Software characteristics

However, I notice over and over again, that there are various conference talks about resiliency, self-healing, and antifragility and often they lazily conclude that Neflix OSS Hystrix is the answer to all of that. It is important to remember that conferences speakers are overly optimistic, wishful thinkers, and it takes more than a Circuit Breaker to create a resilient and self-healing application.

Conference level Resiliency

So what does a typical resiliency pitch look like: use timeouts, isolate in bulkheads, and of course apply the circuit breaker pattern.

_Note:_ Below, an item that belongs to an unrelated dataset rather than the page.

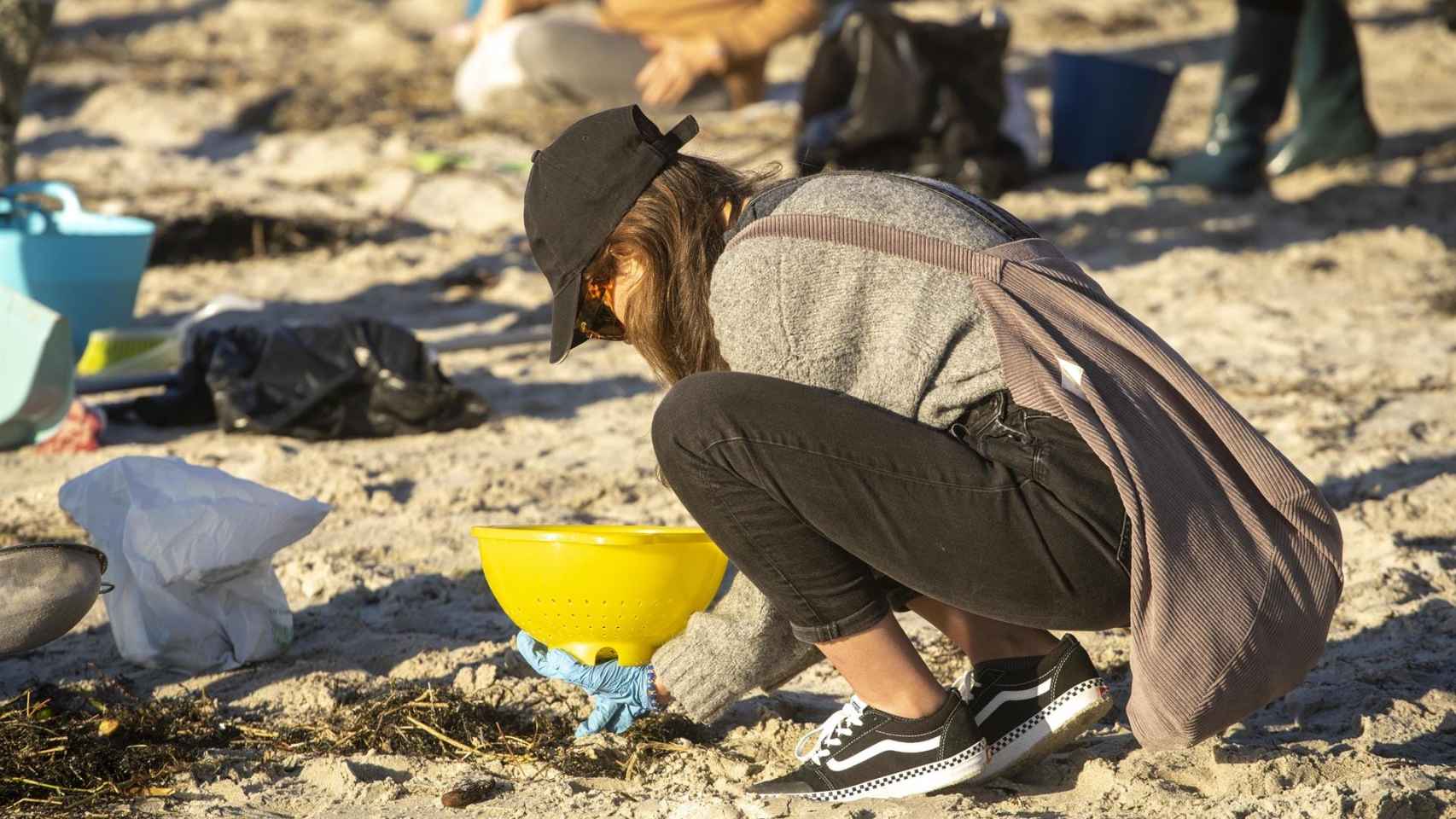 Varios voluntarios recogen pellets en la playa de Panxón, a 11 de enero de 2024.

Having implemented the circuit breaker pattern twice in Apache Camel (first a homegrown version, then using Hystrix) I have to admit that circuit breaker is a perfect conference material with nice visualization options and state transitions. (I will spare explaining to you how a circuit breaker works here, I'm sure you will not mind). And typically, such a pitch concludes that the answer to all of the above concerns is Hystrix. Hurrah!

Get out of the Process

I agree with all the suggestions above such as timeout, bulkhead and circuit breaker. But that is a very narrow sighted view. It is not possible to make an application resilient and self-healing (not to mention antifragile) only from within. For a truly resilient and self-healing architecture you need also isolation, external monitoring, and autonomous decision making. What do I mean by that?

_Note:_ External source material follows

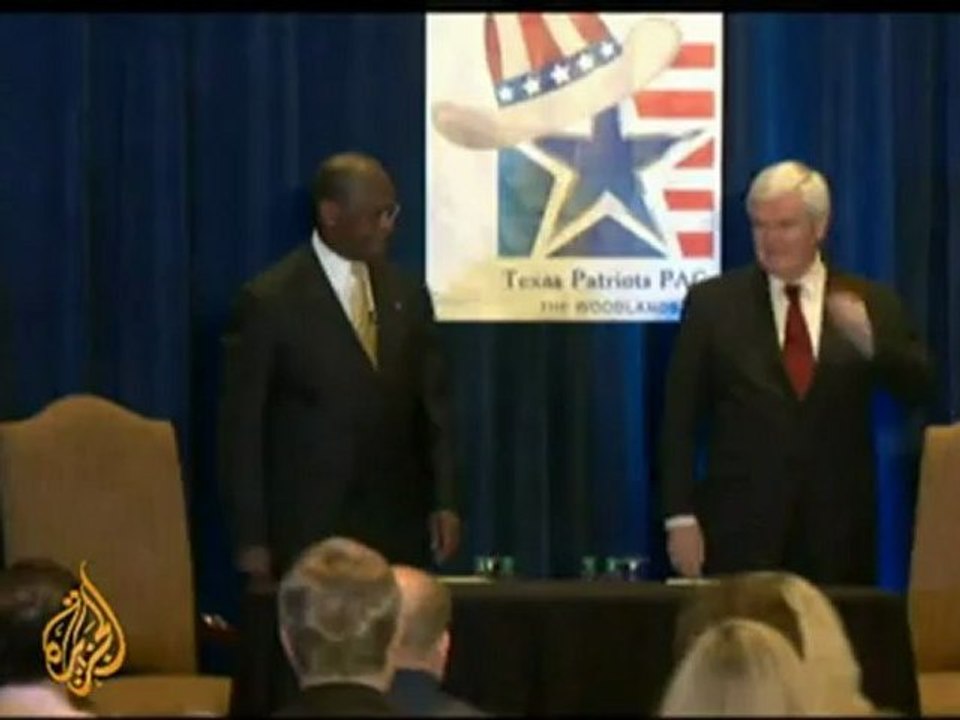 Herman Cain 'suspending' US nomination race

If you read Release It book carefully, you will realize that bulkhead pattern is not about thread pools. In my Camel Design Patterns book, I've explained that there are multiple levels to isolate and apply the bulkhead pattern. Thread Pools with Hystrix is only the first level.

Tools for bulkhead pattern

Hystrix uses thread pools to ensure that the CPU time dedicated to your application process is better distributed among the different threads of the application. This will prevent a CPU intensive failure from spreading beyond a thread pool and other parts of the service still gets some CPU time.
But what about any other kind of failure that can happen in an application that is not contained in a thread pool? What about if there is a memory leak in the application or some sort of infinite loop or a fork bomb? For these kinds of failures, you need to isolate the different instances of your service through processes resource isolation. Something that is provided by modern container technologies and used as the standard deployment unit nowadays. In practical term, this means isolating processes on the same host using containers by setting memory and CPU limits.

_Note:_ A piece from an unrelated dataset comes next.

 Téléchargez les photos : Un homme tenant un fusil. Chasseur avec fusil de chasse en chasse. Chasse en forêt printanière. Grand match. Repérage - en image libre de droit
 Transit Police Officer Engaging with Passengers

Once you have isolated the different service instances and ensured failure containment among the different service processes through containers, the next step is to protect from VM/Node/Host failures. In a cloud environment, VMs can come and go even more often, and with that, all process instances on the VM would also vanish. That requires distributing the different instances of your service into different VMs and contain VMs failures from bringing down the whole application.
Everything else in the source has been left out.